YOUR INSTRUCTIONS -
An exact reprint of the listing is required, with no pictures included.

INFORMATION SHOWN -
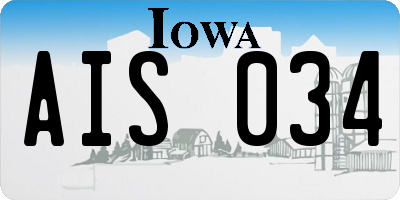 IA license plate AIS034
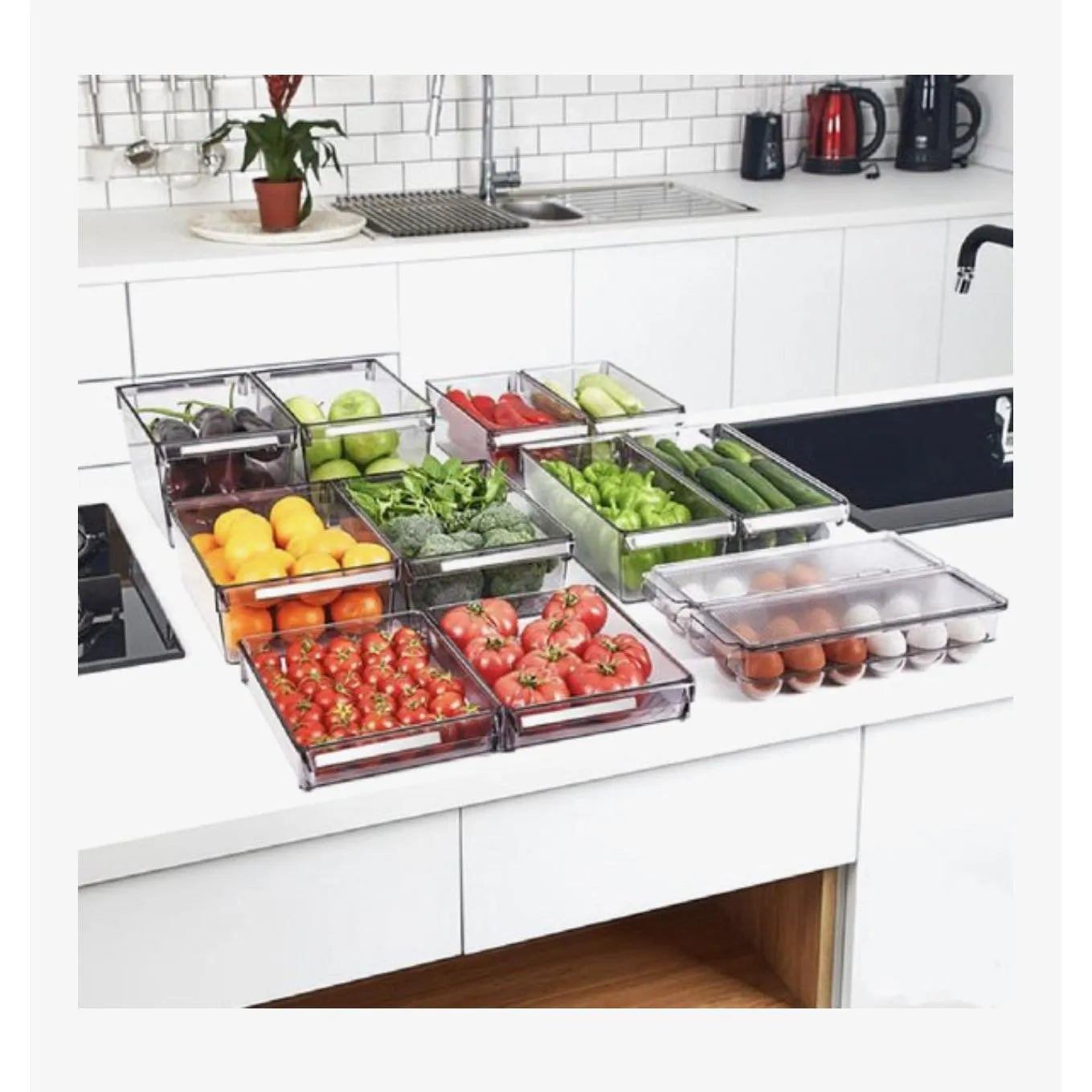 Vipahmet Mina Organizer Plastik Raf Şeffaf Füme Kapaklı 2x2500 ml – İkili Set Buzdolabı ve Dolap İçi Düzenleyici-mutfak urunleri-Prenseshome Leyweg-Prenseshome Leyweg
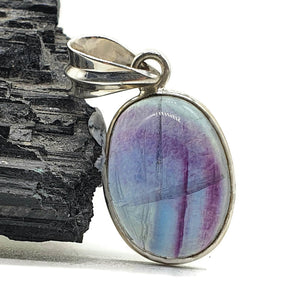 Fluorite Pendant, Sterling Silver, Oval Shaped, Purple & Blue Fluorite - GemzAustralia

OUTPUT OF THE TASK -
 IA license plate AIS034
 Vipahmet Mina Organizer Plastik Raf Şeffaf Füme Kapaklı 2x2500 ml – İkili Set Buzdolabı ve Dolap İçi Düzenleyici-mutfak urunleri-Prenseshome Leyweg-Prenseshome Leyweg
 Fluorite Pendant, Sterling Silver, Oval Shaped, Purple & Blue Fluorite - GemzAustralia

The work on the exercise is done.